**Directions for this task:**
Your reply should be the records below, duplicated exactly, with any picture removed.

Short descriptive text snippets
☆ ☆ ☆ ☆ ☆
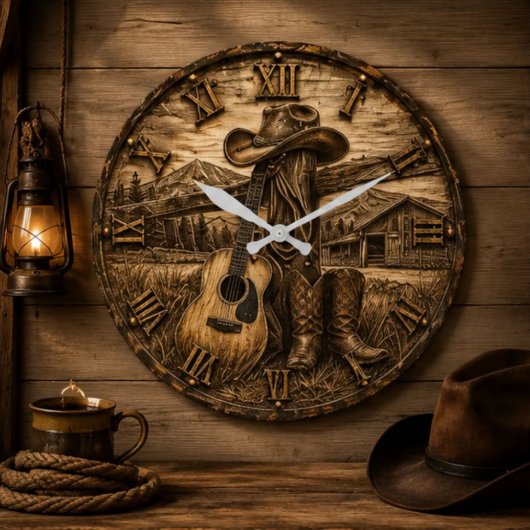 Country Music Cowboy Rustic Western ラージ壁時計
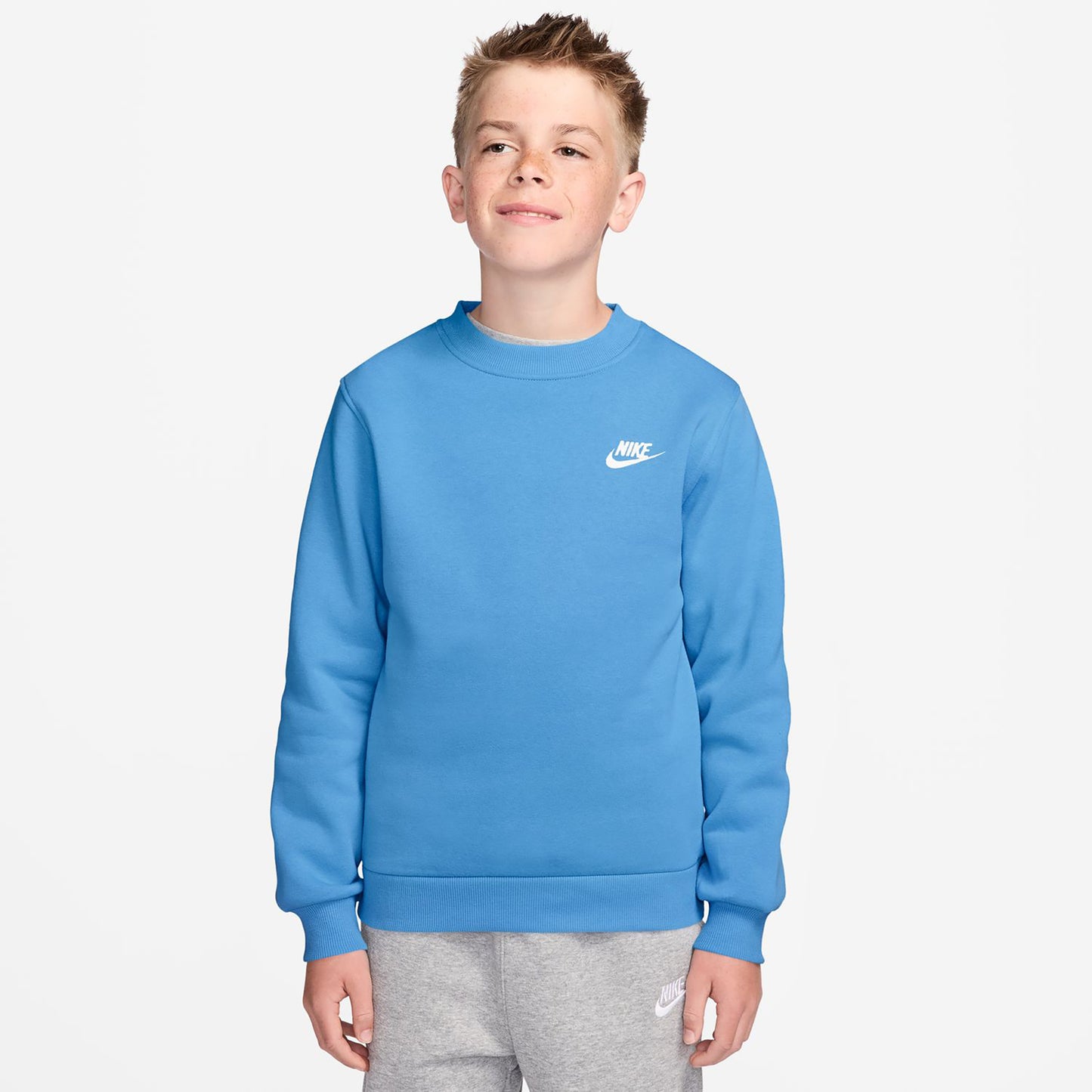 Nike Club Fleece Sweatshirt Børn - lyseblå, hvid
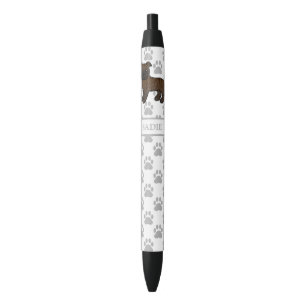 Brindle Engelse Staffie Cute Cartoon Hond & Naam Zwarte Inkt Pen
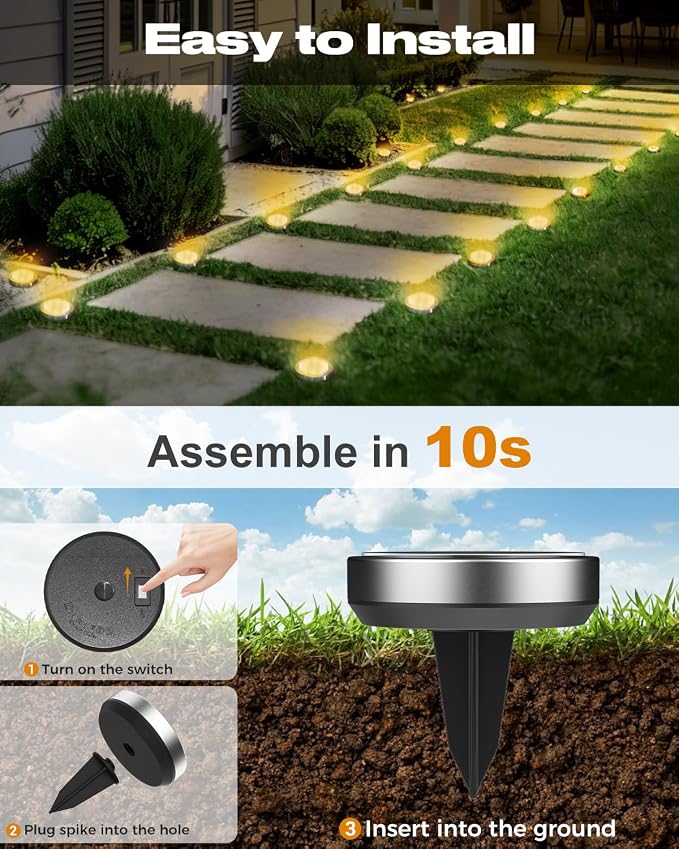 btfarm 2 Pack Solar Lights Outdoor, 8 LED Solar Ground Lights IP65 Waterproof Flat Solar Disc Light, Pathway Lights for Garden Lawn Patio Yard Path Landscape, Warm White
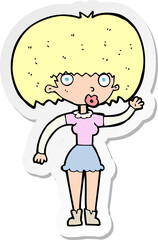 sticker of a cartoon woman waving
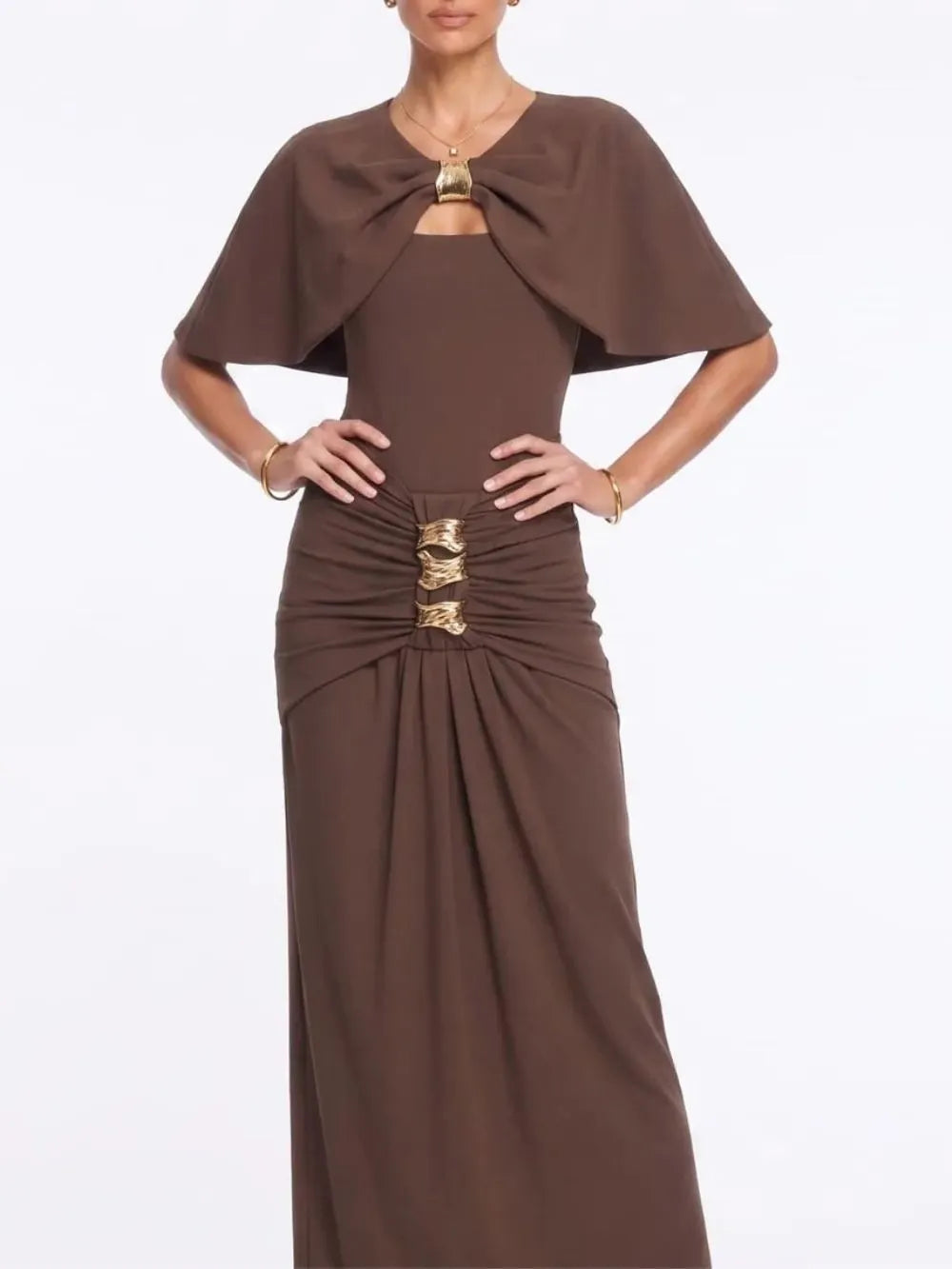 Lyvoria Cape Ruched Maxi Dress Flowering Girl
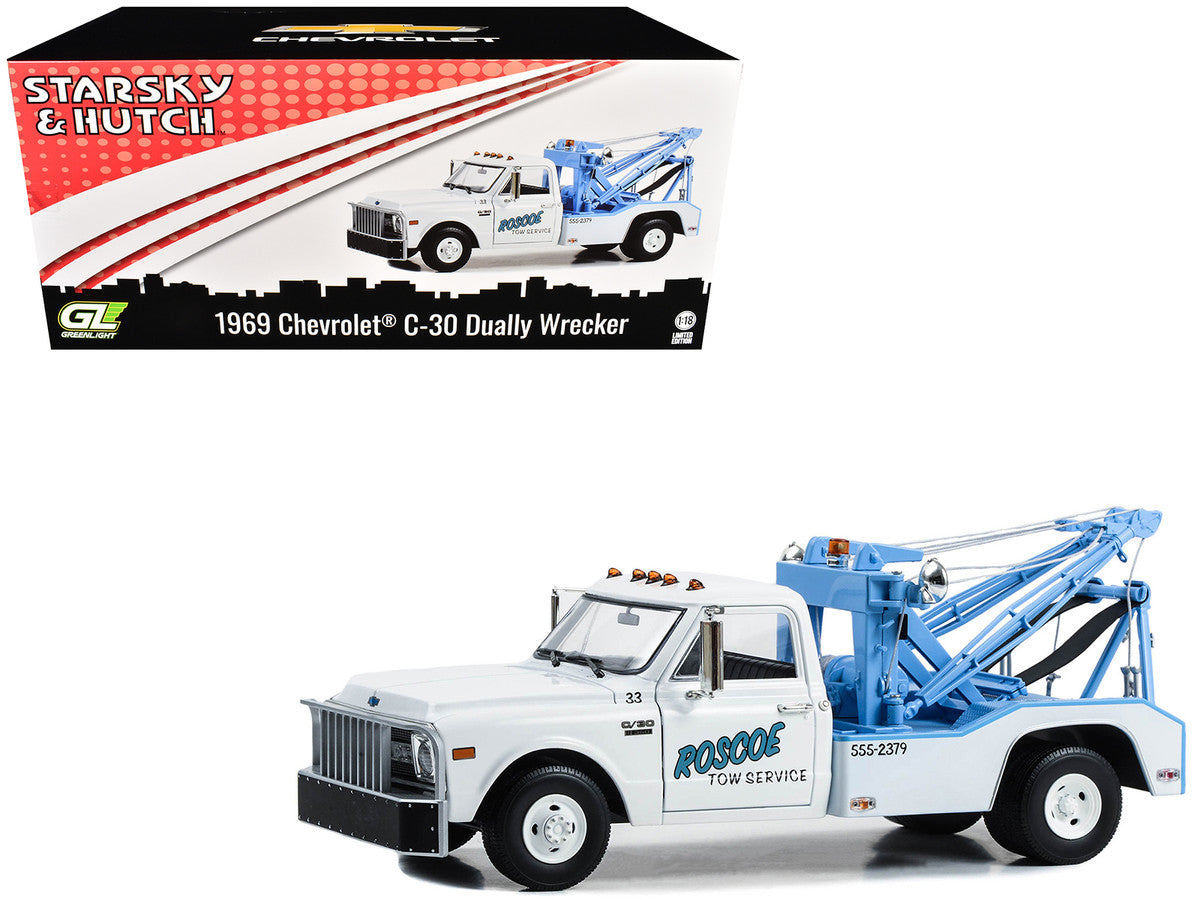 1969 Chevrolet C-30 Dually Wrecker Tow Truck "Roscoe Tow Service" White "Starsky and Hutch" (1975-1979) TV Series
☆ ☆ ☆ ☆ ☆
**Output below:**
 Country Music Cowboy Rustic Western ラージ壁時計
 Nike Club Fleece Sweatshirt Børn - lyseblå, hvid
 Brindle Engelse Staffie Cute Cartoon Hond & Naam Zwarte Inkt Pen
 btfarm 2 Pack Solar Lights Outdoor, 8 LED Solar Ground Lights IP65 Waterproof Flat Solar Disc Light, Pathway Lights for Garden Lawn Patio Yard Path Landscape, Warm White
 sticker of a cartoon woman waving
 Lyvoria Cape Ruched Maxi Dress Flowering Girl
 1969 Chevrolet C-30 Dually Wrecker Tow Truck "Roscoe Tow Service" White "Starsky and Hutch" (1975-1979) TV Series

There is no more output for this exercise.